Perhaps the organisations which oversee the fitness for doctors to practise medicine would like to hear about this lackadaisical approach to record keeping.

Our secret source, whose insider guidance is continuing the exposure of incompetence that was first revealed with Freedom of Information Act requests, has also shone a light on the content of the those few handwritten notes that Johnson has released.  Yes, that’s right!  Johnson, when backed into a corner and under pressure of contemplation of the very large fines the Information Commissioner’s Office can hand out, has suddenly discovered that he has written notes on some, and not others.  His consistency is rather lapse.  Could it be due to the fact he has written some things he does not want to disclose so he says no notes were taken?

Nah, can’t be that, can it?

Does Johnson not know that each and every review he conducted was recorded in high definition audio sampled at 256 Kbps?  Our very own ‘Deep Throat‘ has confirmed to us that the force knows this.  But given what Johnson has been writing it seems that this information has by-passed him.

For the benefit of the Police Pension Authority who has to defend the decision of Johnson – A SMP can not revisit the original diagnosis. So, if that is what he is doing – writing up notes some time after the sessions, in such a way as to try to justify his part in what were all unlawfully held reviews, then he is essentially and effectively revisiting his decision. He can’t be recorded as stating that he, ‘sees no change’ in an individual’s degree of disablement then make notes some time later which contradict that decision. If this goes to a PMAB or to judicial review, then he will look very silly indeed.

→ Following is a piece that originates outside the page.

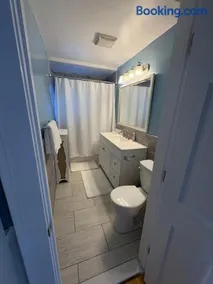 Comfortable 3-Bedroom in a Quiet Area - Image 5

Also, the merits or otherwise of a previous diagnosis are out of bounds. The earlier decision on the duty injury and its causation is a final decision and cannot be revisited. There is no point in a SMP doing anything other than accept the earlier decision and he should not be going anywhere near thinking that the original decision was not one he would have come to.  This legal impediment doesn’t stop our flexible unfriendly medic.  He was quite willing to put in undated handwritten notes of one session that in his view the original diagnosis of  duty injury was wrong. You could not make this stuff up. Just how limp is Johnson’s grasp of the Regulations and associated case law?

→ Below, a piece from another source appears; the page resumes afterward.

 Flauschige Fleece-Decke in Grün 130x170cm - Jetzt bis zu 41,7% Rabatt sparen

A police officer’s pocket book entry kept in the same manner would be ridiculed in a court of law.  Johnson will similarly be demolished should this go to a police medical appeals board. The Board does not suffer fools gladly.

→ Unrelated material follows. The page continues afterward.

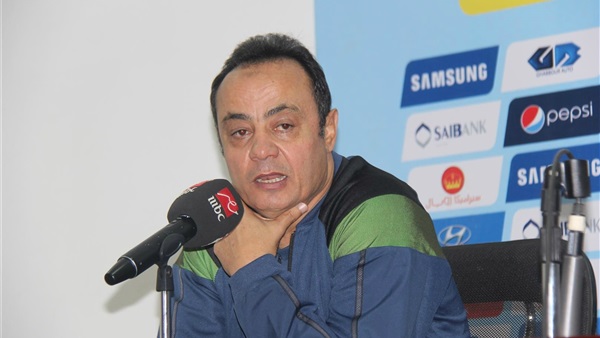«طارق يحيي» يجهز البدلاء للمشاركة في الكأس «طارق يحيي» يجهز البدلاء للمشاركة في الكأس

Perhaps, instead of spending time making up notes months after the event, Johnson ought to read the appeal court case of LAWS:

Metropolitan Police Authority
Appellant
– and –

Belinda Laws
Respondent
– and –

Police Medical Appeals Board

Regulation 37(1) then provides for periodic reviews at which the authority is to consider “whether the degree of the pensioner’s disablement has altered”. On the judge’s approach this does not allow the SMP or the Board to redetermine the merits of any earlier decision of either

repeated  by Simpson:

THE QUEEN on the application of SIMPSON

Claimant
– and –

(1) POLICE MEDICAL APPEAL BOARD

(2) SECRETARY OF STATE FOR THE
HOME DEPARTMENT

(3) NORTHUMBRIAN POLICE AUTHORITY

It is not open to the SMP/PMAB to reach a different decision in relation to the fact of disablement, whether the disablement is likely to be permanent or whether the disablement resulted from a duty injury

It’s your choice, Johnson. Salvage what is left of your professional reputation by telling the truth now, about how you have been taken for a ride and how, once you jumped on the gravy train that was promised to you – namely several hundred cut and dried reviews of compliant sheep-like former officers at several hundred pounds a pop – you could not jump off the train without breaking your reputation.

Or you can continue to lie and make things up as you go along, in which case circumstances will rapidly spiral beyond your control and the consequences will be very severe indeed.